**Input:**
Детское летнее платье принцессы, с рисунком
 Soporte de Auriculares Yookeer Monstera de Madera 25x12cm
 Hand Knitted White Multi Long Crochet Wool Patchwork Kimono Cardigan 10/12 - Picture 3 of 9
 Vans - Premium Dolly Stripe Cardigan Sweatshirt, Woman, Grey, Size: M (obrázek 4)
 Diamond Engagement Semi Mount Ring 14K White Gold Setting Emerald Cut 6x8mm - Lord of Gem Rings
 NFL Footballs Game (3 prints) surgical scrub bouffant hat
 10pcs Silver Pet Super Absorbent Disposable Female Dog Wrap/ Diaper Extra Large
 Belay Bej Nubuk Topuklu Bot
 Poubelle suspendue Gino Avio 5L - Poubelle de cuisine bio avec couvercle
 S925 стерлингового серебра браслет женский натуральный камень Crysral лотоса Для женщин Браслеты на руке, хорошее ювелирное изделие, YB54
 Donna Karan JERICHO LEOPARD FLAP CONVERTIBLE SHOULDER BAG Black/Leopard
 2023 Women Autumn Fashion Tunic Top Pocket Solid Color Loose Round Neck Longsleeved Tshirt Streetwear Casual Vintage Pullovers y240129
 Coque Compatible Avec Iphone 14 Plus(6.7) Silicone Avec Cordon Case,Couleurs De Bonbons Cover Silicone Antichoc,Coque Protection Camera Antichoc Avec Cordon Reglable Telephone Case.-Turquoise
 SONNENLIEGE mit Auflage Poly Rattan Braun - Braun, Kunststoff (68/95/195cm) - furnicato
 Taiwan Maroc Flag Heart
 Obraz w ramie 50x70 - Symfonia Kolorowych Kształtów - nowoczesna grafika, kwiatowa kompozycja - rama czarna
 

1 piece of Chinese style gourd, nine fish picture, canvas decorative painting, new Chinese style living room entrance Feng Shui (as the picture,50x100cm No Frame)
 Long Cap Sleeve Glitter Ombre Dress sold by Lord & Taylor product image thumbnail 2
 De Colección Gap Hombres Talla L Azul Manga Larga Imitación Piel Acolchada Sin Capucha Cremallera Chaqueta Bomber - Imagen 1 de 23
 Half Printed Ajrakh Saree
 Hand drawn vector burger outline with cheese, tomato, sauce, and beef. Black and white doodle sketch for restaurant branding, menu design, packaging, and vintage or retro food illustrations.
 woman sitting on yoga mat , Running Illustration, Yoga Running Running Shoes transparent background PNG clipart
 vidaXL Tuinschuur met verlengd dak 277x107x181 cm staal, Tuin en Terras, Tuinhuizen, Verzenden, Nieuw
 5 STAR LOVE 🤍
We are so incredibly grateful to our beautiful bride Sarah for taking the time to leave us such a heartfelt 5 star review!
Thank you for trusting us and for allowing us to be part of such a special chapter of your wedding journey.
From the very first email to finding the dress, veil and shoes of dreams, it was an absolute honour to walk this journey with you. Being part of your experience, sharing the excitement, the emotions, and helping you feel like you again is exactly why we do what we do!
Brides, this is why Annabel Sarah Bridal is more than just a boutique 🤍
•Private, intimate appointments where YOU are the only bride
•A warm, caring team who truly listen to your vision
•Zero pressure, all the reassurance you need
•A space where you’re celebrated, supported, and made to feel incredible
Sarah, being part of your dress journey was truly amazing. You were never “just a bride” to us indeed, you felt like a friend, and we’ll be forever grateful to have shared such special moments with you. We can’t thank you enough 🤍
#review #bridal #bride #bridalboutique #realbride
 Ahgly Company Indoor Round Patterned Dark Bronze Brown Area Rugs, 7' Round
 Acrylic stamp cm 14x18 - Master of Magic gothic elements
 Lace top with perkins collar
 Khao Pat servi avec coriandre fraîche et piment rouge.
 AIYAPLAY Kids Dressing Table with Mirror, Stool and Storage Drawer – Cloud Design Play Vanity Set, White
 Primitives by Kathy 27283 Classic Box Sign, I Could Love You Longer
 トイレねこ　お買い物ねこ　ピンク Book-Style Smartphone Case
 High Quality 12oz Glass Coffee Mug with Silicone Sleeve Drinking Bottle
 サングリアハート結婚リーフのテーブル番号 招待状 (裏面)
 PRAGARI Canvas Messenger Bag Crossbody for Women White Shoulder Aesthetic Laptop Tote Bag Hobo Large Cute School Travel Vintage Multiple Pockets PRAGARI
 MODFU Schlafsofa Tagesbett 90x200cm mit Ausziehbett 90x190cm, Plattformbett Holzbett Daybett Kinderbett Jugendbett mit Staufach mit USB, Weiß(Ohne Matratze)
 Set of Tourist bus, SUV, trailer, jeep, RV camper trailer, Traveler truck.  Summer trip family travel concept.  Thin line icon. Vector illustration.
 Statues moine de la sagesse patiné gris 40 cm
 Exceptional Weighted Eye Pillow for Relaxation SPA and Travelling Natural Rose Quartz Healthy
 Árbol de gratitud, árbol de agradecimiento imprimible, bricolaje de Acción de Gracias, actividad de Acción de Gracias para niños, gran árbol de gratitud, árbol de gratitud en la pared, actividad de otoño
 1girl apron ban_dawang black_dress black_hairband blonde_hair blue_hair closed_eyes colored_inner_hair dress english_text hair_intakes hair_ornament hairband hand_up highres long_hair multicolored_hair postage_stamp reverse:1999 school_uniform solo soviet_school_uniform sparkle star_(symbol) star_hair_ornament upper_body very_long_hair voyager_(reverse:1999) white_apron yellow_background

**Exercise aim:** The records above must be transcribed in full, word for word.

**Exercise result:**
Детское летнее платье принцессы, с рисунком
 Soporte de Auriculares Yookeer Monstera de Madera 25x12cm
 Hand Knitted White Multi Long Crochet Wool Patchwork Kimono Cardigan 10/12 - Picture 3 of 9
 Vans - Premium Dolly Stripe Cardigan Sweatshirt, Woman, Grey, Size: M (obrázek 4)
 Diamond Engagement Semi Mount Ring 14K White Gold Setting Emerald Cut 6x8mm - Lord of Gem Rings
 NFL Footballs Game (3 prints) surgical scrub bouffant hat
 10pcs Silver Pet Super Absorbent Disposable Female Dog Wrap/ Diaper Extra Large
 Belay Bej Nubuk Topuklu Bot
 Poubelle suspendue Gino Avio 5L - Poubelle de cuisine bio avec couvercle
 S925 стерлингового серебра браслет женский натуральный камень Crysral лотоса Для женщин Браслеты на руке, хорошее ювелирное изделие, YB54
 Donna Karan JERICHO LEOPARD FLAP CONVERTIBLE SHOULDER BAG Black/Leopard
 2023 Women Autumn Fashion Tunic Top Pocket Solid Color Loose Round Neck Longsleeved Tshirt Streetwear Casual Vintage Pullovers y240129
 Coque Compatible Avec Iphone 14 Plus(6.7) Silicone Avec Cordon Case,Couleurs De Bonbons Cover Silicone Antichoc,Coque Protection Camera Antichoc Avec Cordon Reglable Telephone Case.-Turquoise
 SONNENLIEGE mit Auflage Poly Rattan Braun - Braun, Kunststoff (68/95/195cm) - furnicato
 Taiwan Maroc Flag Heart
 Obraz w ramie 50x70 - Symfonia Kolorowych Kształtów - nowoczesna grafika, kwiatowa kompozycja - rama czarna
 

1 piece of Chinese style gourd, nine fish picture, canvas decorative painting, new Chinese style living room entrance Feng Shui (as the picture,50x100cm No Frame)
 Long Cap Sleeve Glitter Ombre Dress sold by Lord & Taylor product image thumbnail 2
 De Colección Gap Hombres Talla L Azul Manga Larga Imitación Piel Acolchada Sin Capucha Cremallera Chaqueta Bomber - Imagen 1 de 23
 Half Printed Ajrakh Saree
 Hand drawn vector burger outline with cheese, tomato, sauce, and beef. Black and white doodle sketch for restaurant branding, menu design, packaging, and vintage or retro food illustrations.
 woman sitting on yoga mat , Running Illustration, Yoga Running Running Shoes transparent background PNG clipart
 vidaXL Tuinschuur met verlengd dak 277x107x181 cm staal, Tuin en Terras, Tuinhuizen, Verzenden, Nieuw
 5 STAR LOVE 🤍
We are so incredibly grateful to our beautiful bride Sarah for taking the time to leave us such a heartfelt 5 star review!
Thank you for trusting us and for allowing us to be part of such a special chapter of your wedding journey.
From the very first email to finding the dress, veil and shoes of dreams, it was an absolute honour to walk this journey with you. Being part of your experience, sharing the excitement, the emotions, and helping you feel like you again is exactly why we do what we do!
Brides, this is why Annabel Sarah Bridal is more than just a boutique 🤍
•Private, intimate appointments where YOU are the only bride
•A warm, caring team who truly listen to your vision
•Zero pressure, all the reassurance you need
•A space where you’re celebrated, supported, and made to feel incredible
Sarah, being part of your dress journey was truly amazing. You were never “just a bride” to us indeed, you felt like a friend, and we’ll be forever grateful to have shared such special moments with you. We can’t thank you enough 🤍
#review #bridal #bride #bridalboutique #realbride
 Ahgly Company Indoor Round Patterned Dark Bronze Brown Area Rugs, 7' Round
 Acrylic stamp cm 14x18 - Master of Magic gothic elements
 Lace top with perkins collar
 Khao Pat servi avec coriandre fraîche et piment rouge.
 AIYAPLAY Kids Dressing Table with Mirror, Stool and Storage Drawer – Cloud Design Play Vanity Set, White
 Primitives by Kathy 27283 Classic Box Sign, I Could Love You Longer
 トイレねこ　お買い物ねこ　ピンク Book-Style Smartphone Case
 High Quality 12oz Glass Coffee Mug with Silicone Sleeve Drinking Bottle
 サングリアハート結婚リーフのテーブル番号 招待状 (裏面)
 PRAGARI Canvas Messenger Bag Crossbody for Women White Shoulder Aesthetic Laptop Tote Bag Hobo Large Cute School Travel Vintage Multiple Pockets PRAGARI
 MODFU Schlafsofa Tagesbett 90x200cm mit Ausziehbett 90x190cm, Plattformbett Holzbett Daybett Kinderbett Jugendbett mit Staufach mit USB, Weiß(Ohne Matratze)
 Set of Tourist bus, SUV, trailer, jeep, RV camper trailer, Traveler truck.  Summer trip family travel concept.  Thin line icon. Vector illustration.
 Statues moine de la sagesse patiné gris 40 cm
 Exceptional Weighted Eye Pillow for Relaxation SPA and Travelling Natural Rose Quartz Healthy
 Árbol de gratitud, árbol de agradecimiento imprimible, bricolaje de Acción de Gracias, actividad de Acción de Gracias para niños, gran árbol de gratitud, árbol de gratitud en la pared, actividad de otoño
 1girl apron ban_dawang black_dress black_hairband blonde_hair blue_hair closed_eyes colored_inner_hair dress english_text hair_intakes hair_ornament hairband hand_up highres long_hair multicolored_hair postage_stamp reverse:1999 school_uniform solo soviet_school_uniform sparkle star_(symbol) star_hair_ornament upper_body very_long_hair voyager_(reverse:1999) white_apron yellow_background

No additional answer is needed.